Viacom, CNN and CBS have all announced that they will stop airing e-cigarette advertisements in response to the recent rise of illnesses. Several politicians have also returned donations made by JUUL Labs, the manufacturer of the most popular e-cigarette in the U.S., including Nevada Democrat Sen. Catherine Cortez Masto and Illinois’ attorney general Kwame Raoul.

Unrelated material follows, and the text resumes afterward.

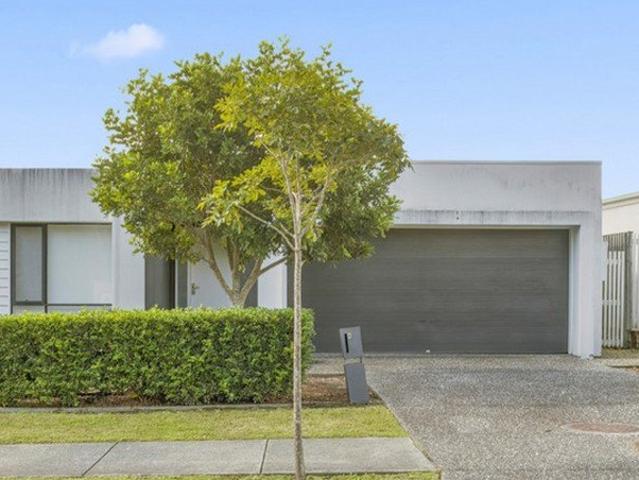 Modern Home for your family at The Heights Pimpama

On Friday, Sept. 20, 2019, Walmart made the announcement that it would stop selling e-cigarettes in the U.S. This takes the war being raged against vaping to an entirely new level. Walmart said its decision was influenced by “the growing federal, state and local regulatory complexity and uncertainty regarding e-cigarettes.” The company says he it sell its current inventory of e-cigarettes until it’s sold out completely, with some estimating that it could take the company until January 2020 to go through its current stock. It will continue selling traditional tobacco products like cigarettes, with some advocates pushing for the company to also remove these products from their stores in the interest of public health.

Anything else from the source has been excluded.